Predictably, mercurial billionaire Elon Musk is trying to walk away from his $44 billion acquisition of Twitter. As predictably, Twitter plans to sue him to force him to finalize the deal based on the agreed-upon terms.
“Mr. Musk is terminating the Merger Agreement because Twitter is in material breach of multiple provisions of that Agreement, appears to have made false and misleading representations upon which Mr. Musk relied when entering into the Merger Agreement, and is likely to suffer a Company Material Adverse Effect,” a regulatory filing reads. “While … Merger Agreement requires Twitter to provide Mr. Musk … all data and information that Mr. Musk requests ‘for any reasonable business purpose related to the consummation of the transaction,’ Twitter has not complied with its contractual obligations.”
As I’m sure you remember, Musk became Twitter’s biggest shareholder in April and then announced that he wished to acquire the company. In late April, the two parties reached an agreement, with Musk to pay $44 billion for the social media giant.
But in the wake of this announcement, Mr. Musk immediately started casting doubts on his intentions, which marked him as the fool that he is and materially impacted Twitter’s financial viability. He complained about Twitter’s board on, well, Twitter, of course. He complained that the service had too many spam accounts despite the fact that Twitter proved to him that it does not. In a particularly low—but telling—moment, he even tweeted a poop emoji at Twitter. Because that’s how childish and terrible he is.
And now he has filed to break the acquisition agreement and walk away from Twitter. Musk’s underhanded tactics have understandably roiled Twitter’s executive staff and employee base.

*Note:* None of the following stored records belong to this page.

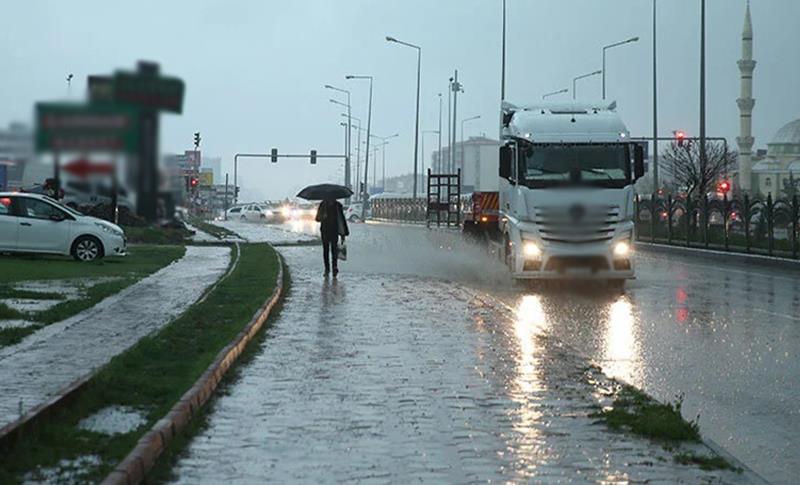 DİYARBAKIR VE BÖLGE İLLERİ İÇİN SAĞANAK VE DOLU YAĞIŞI UYARISI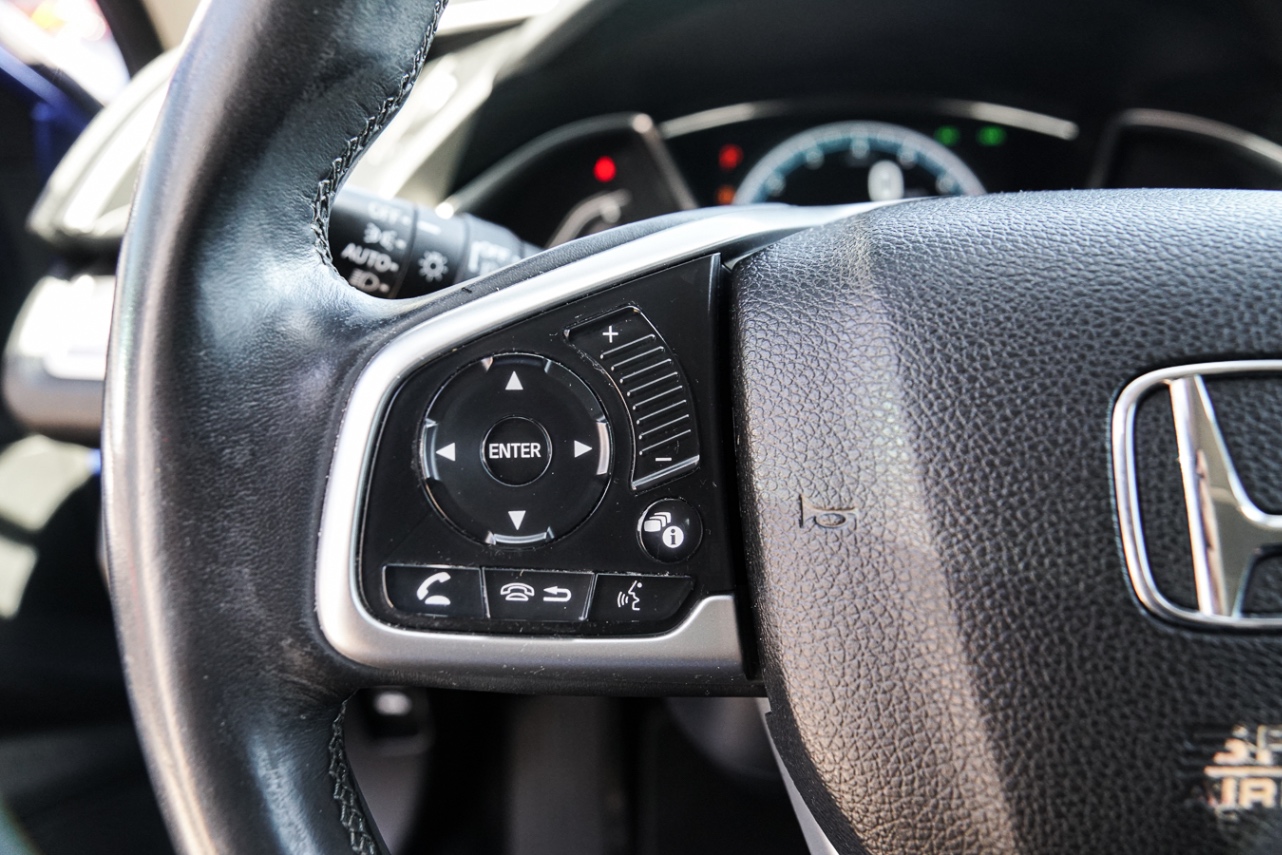 /ontarioqualitymotorsetobicoke/2018-Honda-Civic-540702304535045.jpg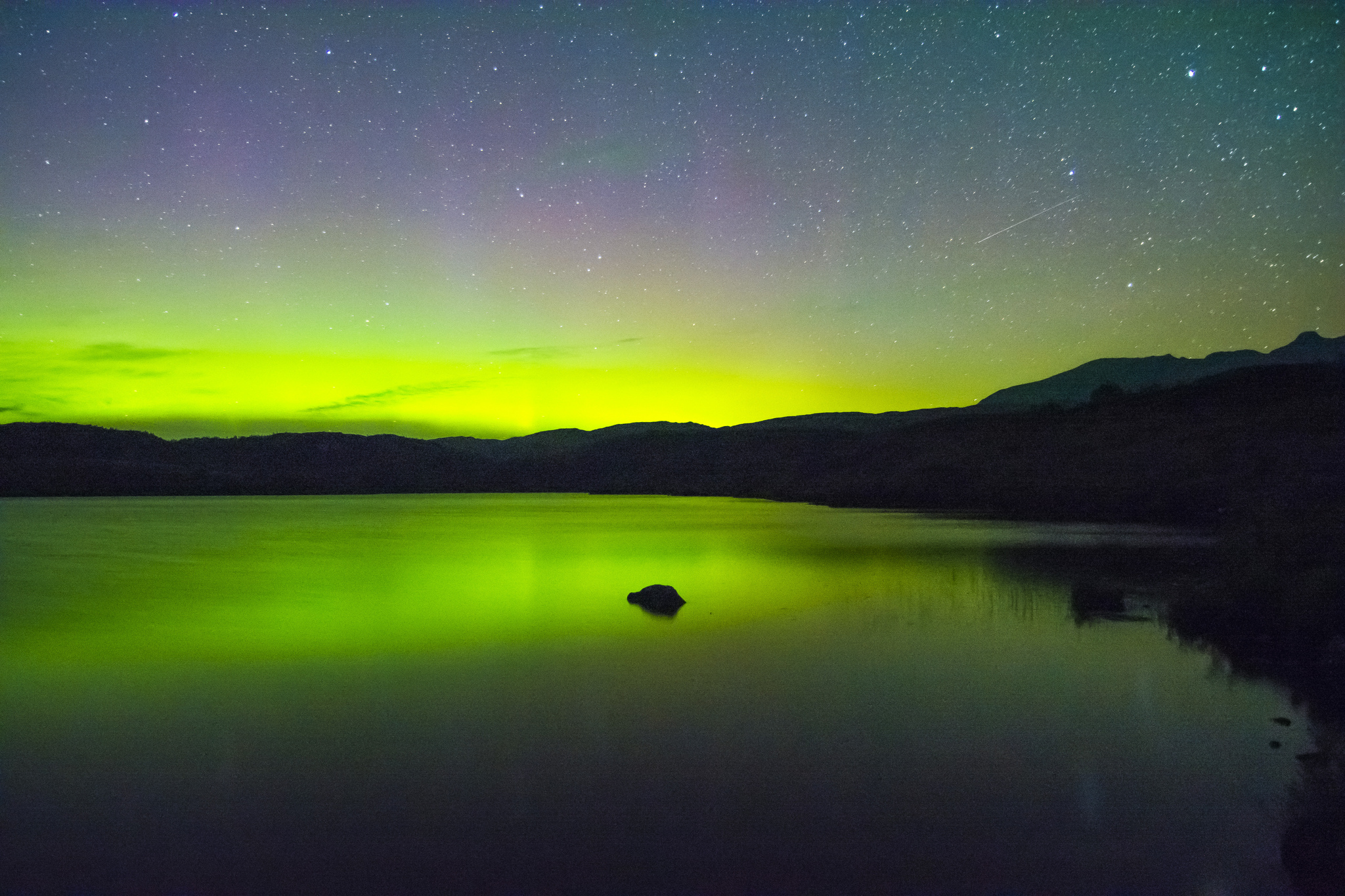 Free download wallpaper Nature, Night, Lake, Reflection, Starry Sky, Earth, Aurora Borealis on your PC desktop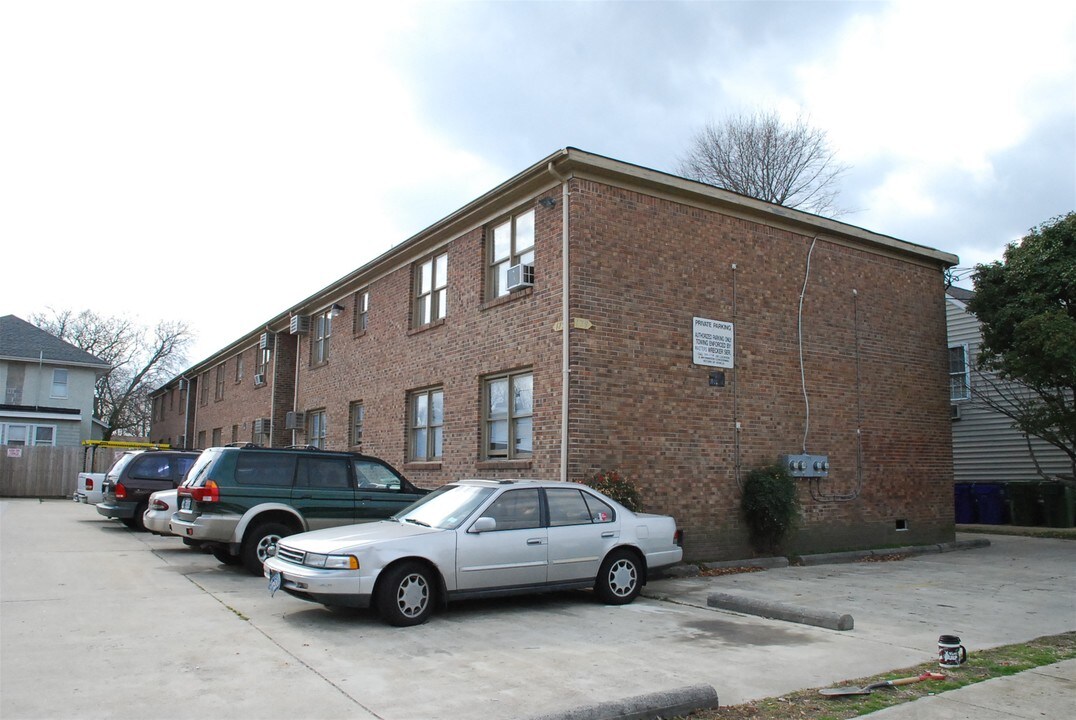 179 W Balview Ave in Norfolk, VA - Foto de edificio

“You should refrain from Tweeting, Slacking, or sharing any commentary about the merger agreement,” Twitter general counsel Sean Edgett told employees. “I know this is an uncertain time, and we appreciate your patience and ongoing commitment to the important work we have underway.”
Externally, Twitter provided the following statement.
“The Twitter Board is committed to closing the transaction on the price and terms agreed upon with Mr. Musk and plans to pursue legal action to enforce the merger agreement. We are confident we will prevail in the Delaware Court of Chancery.”
So it’s on.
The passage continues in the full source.